Caption-style text data
>>>
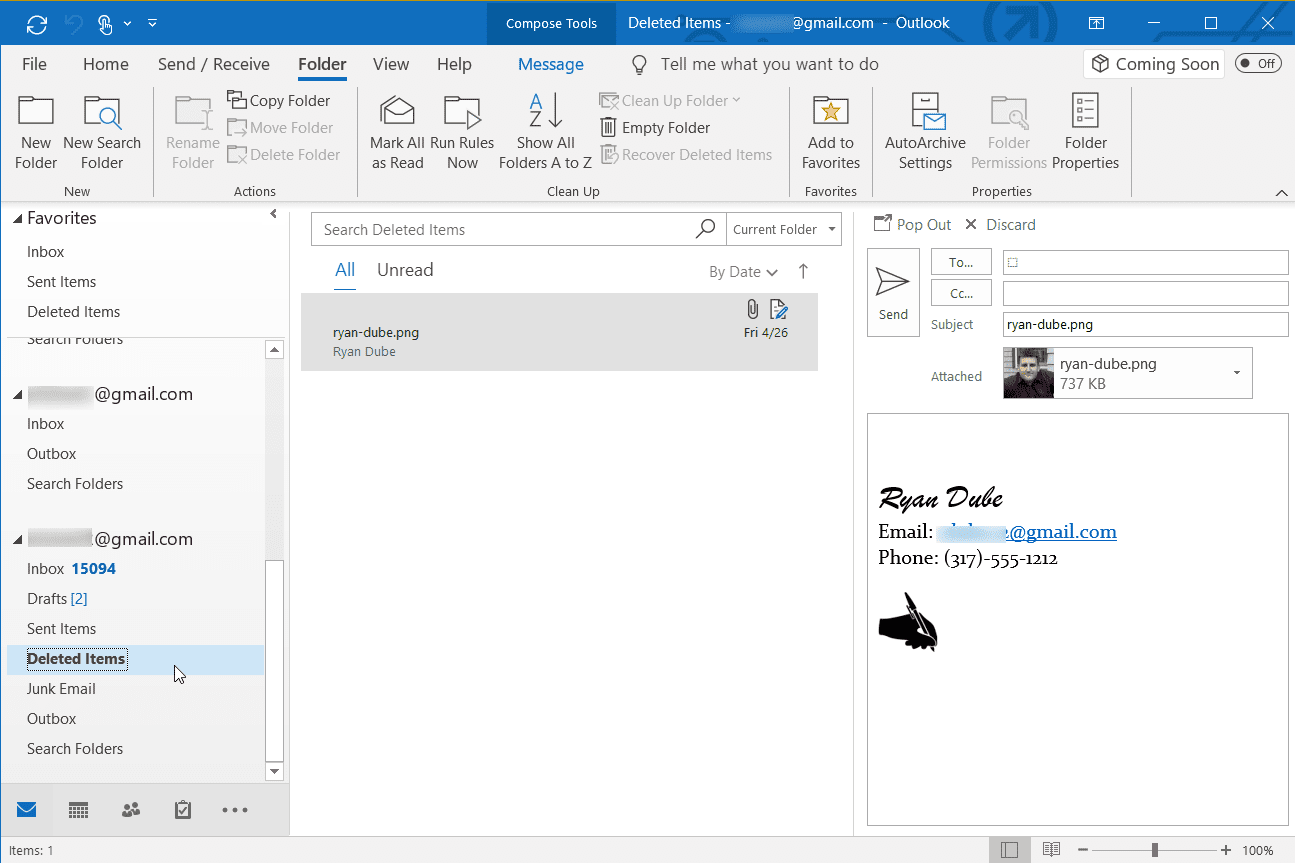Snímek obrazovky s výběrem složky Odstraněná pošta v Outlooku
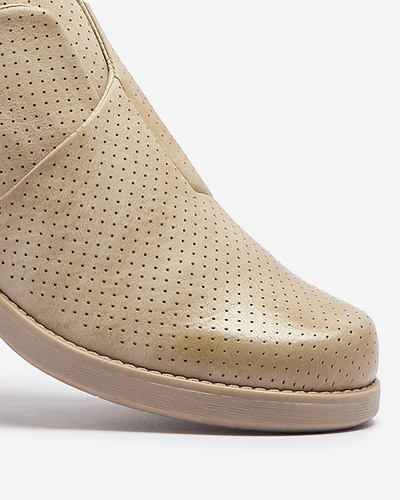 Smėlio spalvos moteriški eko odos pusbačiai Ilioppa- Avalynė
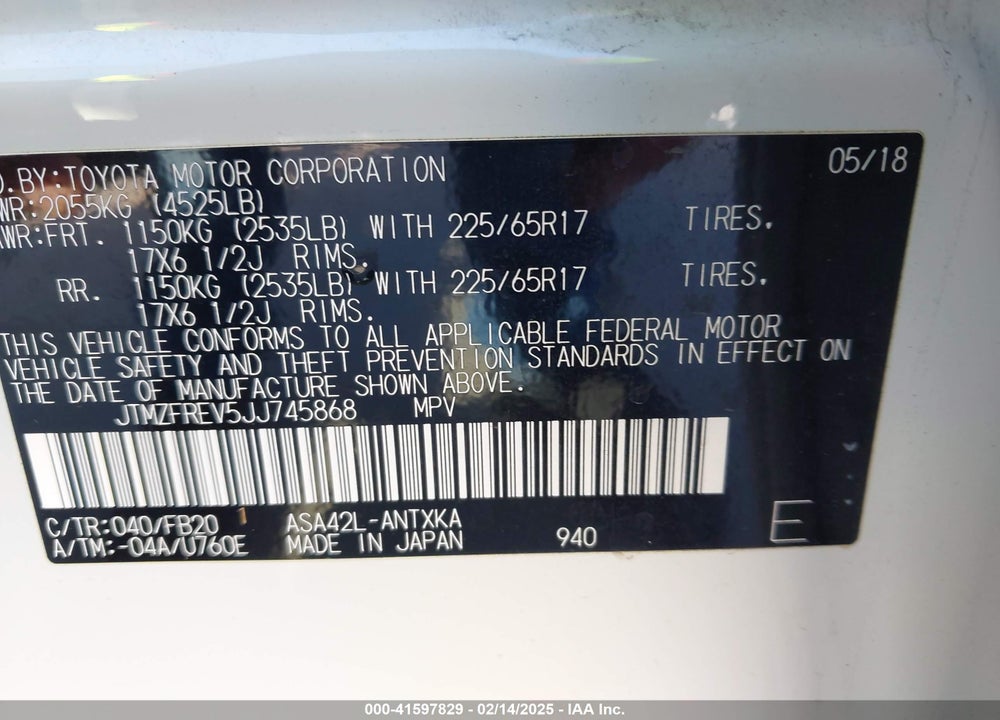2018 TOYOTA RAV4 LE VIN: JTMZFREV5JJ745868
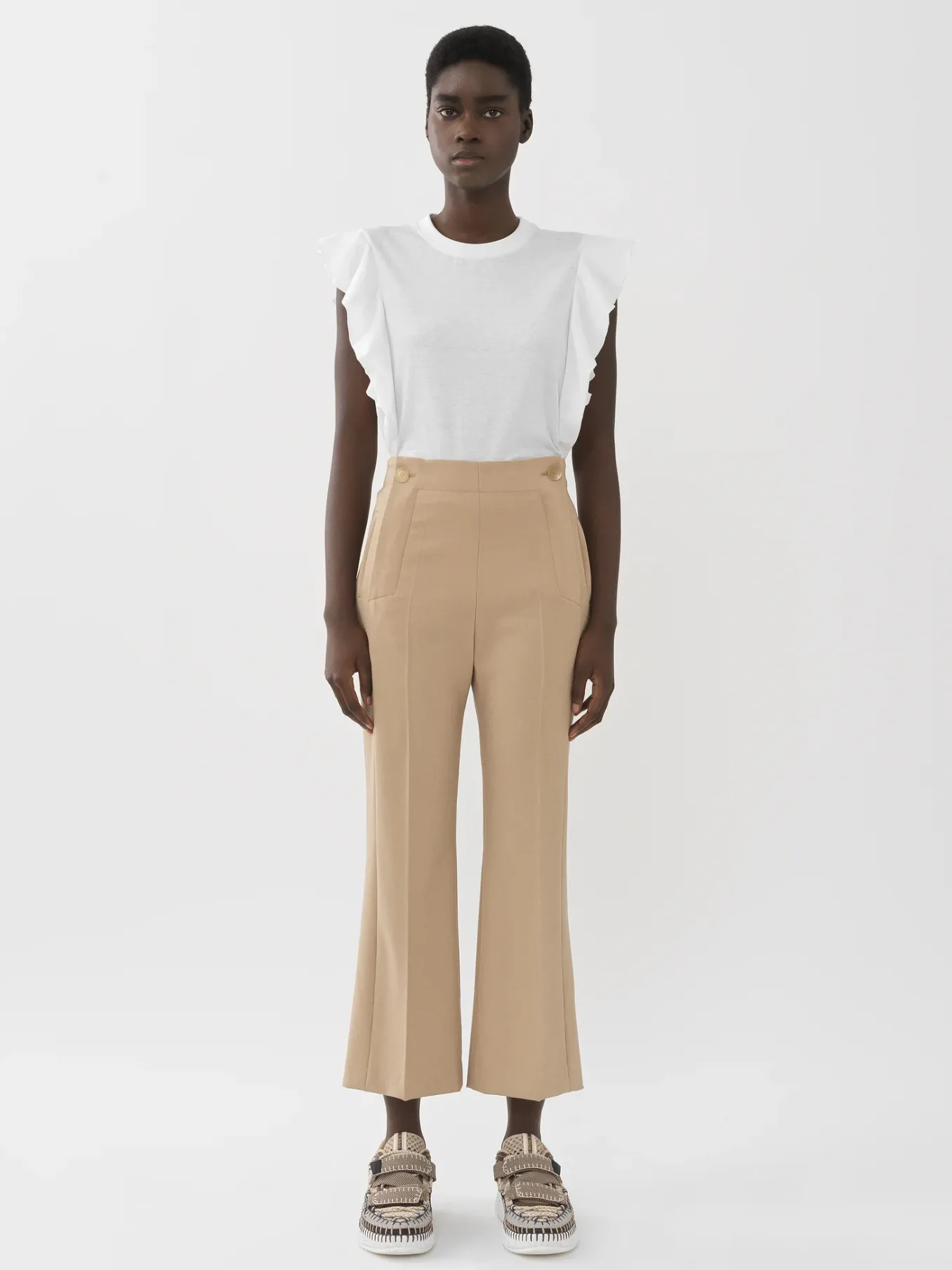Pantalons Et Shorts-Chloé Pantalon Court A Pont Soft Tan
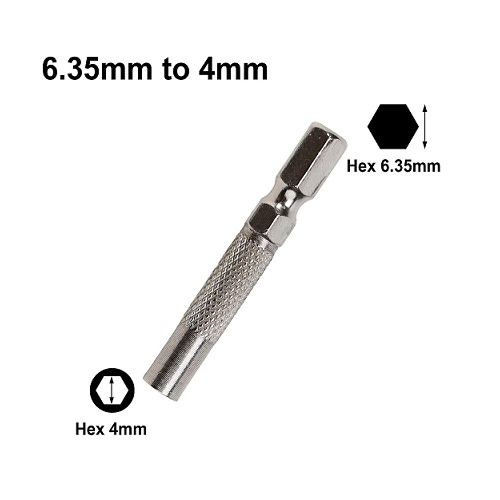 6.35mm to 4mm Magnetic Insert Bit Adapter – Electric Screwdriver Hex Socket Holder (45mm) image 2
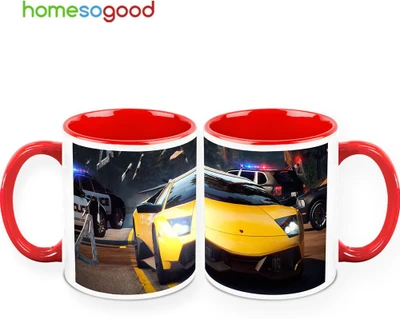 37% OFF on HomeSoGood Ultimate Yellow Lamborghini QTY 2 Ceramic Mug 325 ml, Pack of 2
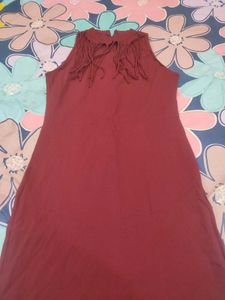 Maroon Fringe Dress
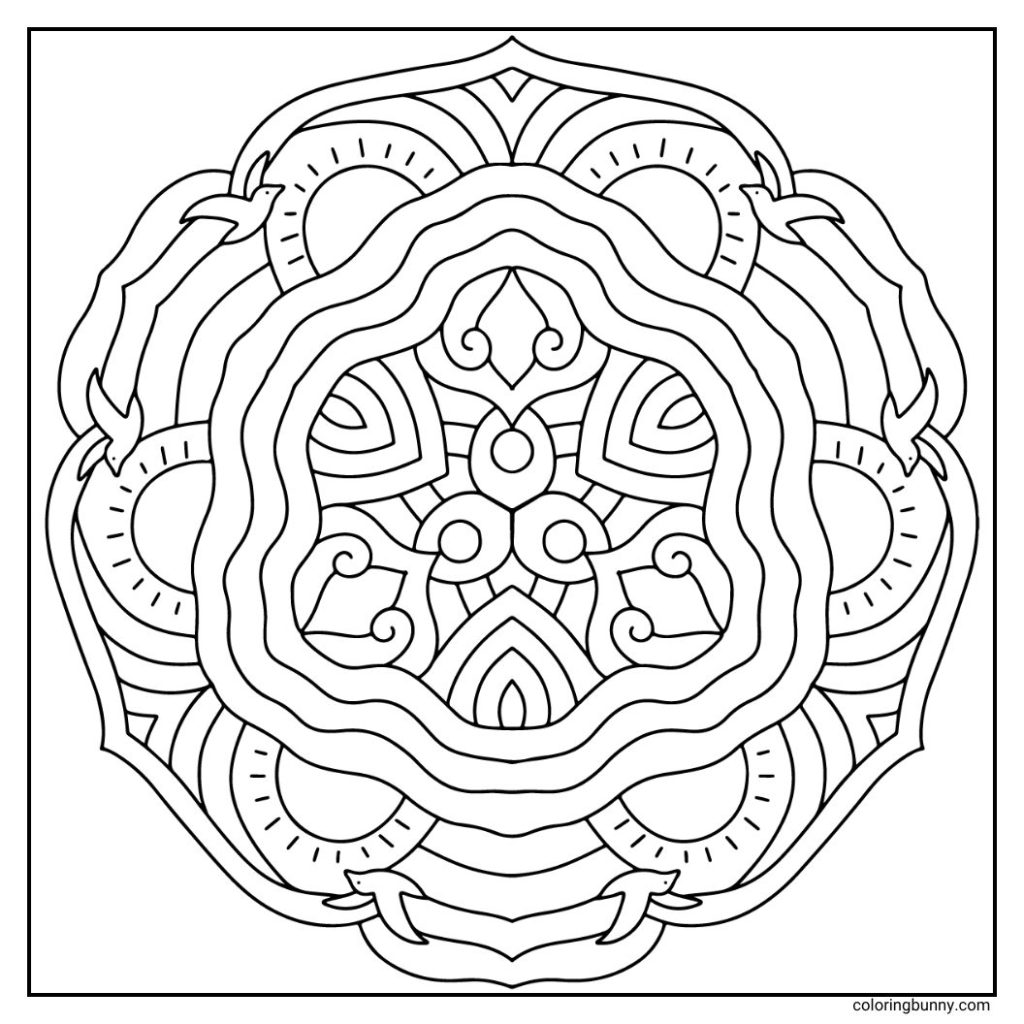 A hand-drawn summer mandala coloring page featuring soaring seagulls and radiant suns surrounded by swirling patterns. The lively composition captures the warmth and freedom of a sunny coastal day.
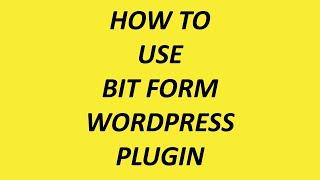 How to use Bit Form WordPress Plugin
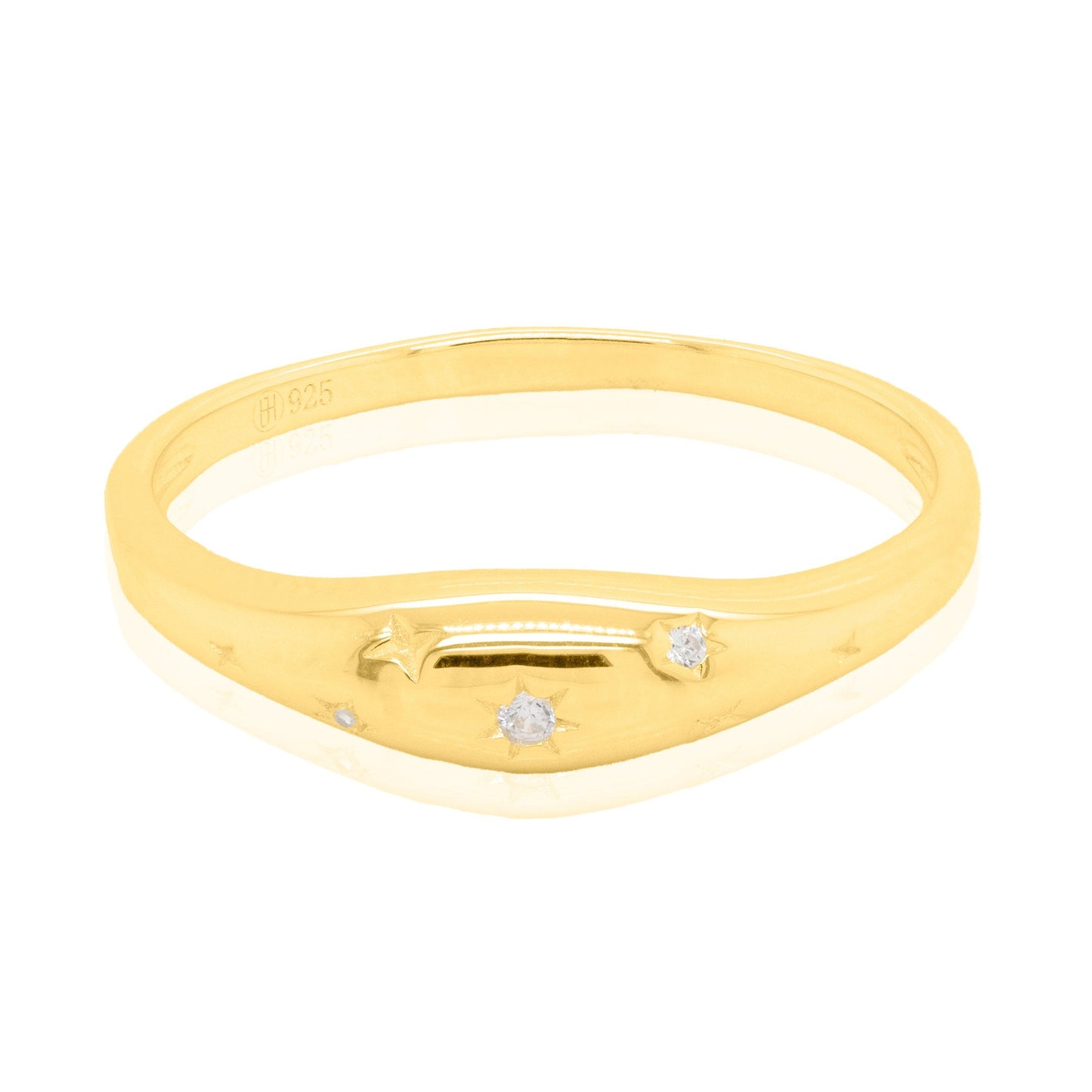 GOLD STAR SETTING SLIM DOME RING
<<<
EXERCISE OBJECTIVE
Transcribe every entry exactly. Leave out the pictures.

RESPONSE TO THE EXERCISE
Snímek obrazovky s výběrem složky Odstraněná pošta v Outlooku
 Smėlio spalvos moteriški eko odos pusbačiai Ilioppa- Avalynė
2018 TOYOTA RAV4 LE VIN: JTMZFREV5JJ745868
Pantalons Et Shorts-Chloé Pantalon Court A Pont Soft Tan
 6.35mm to 4mm Magnetic Insert Bit Adapter – Electric Screwdriver Hex Socket Holder (45mm) image 2
 37% OFF on HomeSoGood Ultimate Yellow Lamborghini QTY 2 Ceramic Mug 325 ml, Pack of 2
 Maroon Fringe Dress
 A hand-drawn summer mandala coloring page featuring soaring seagulls and radiant suns surrounded by swirling patterns. The lively composition captures the warmth and freedom of a sunny coastal day.
 How to use Bit Form WordPress Plugin
 GOLD STAR SETTING SLIM DOME RING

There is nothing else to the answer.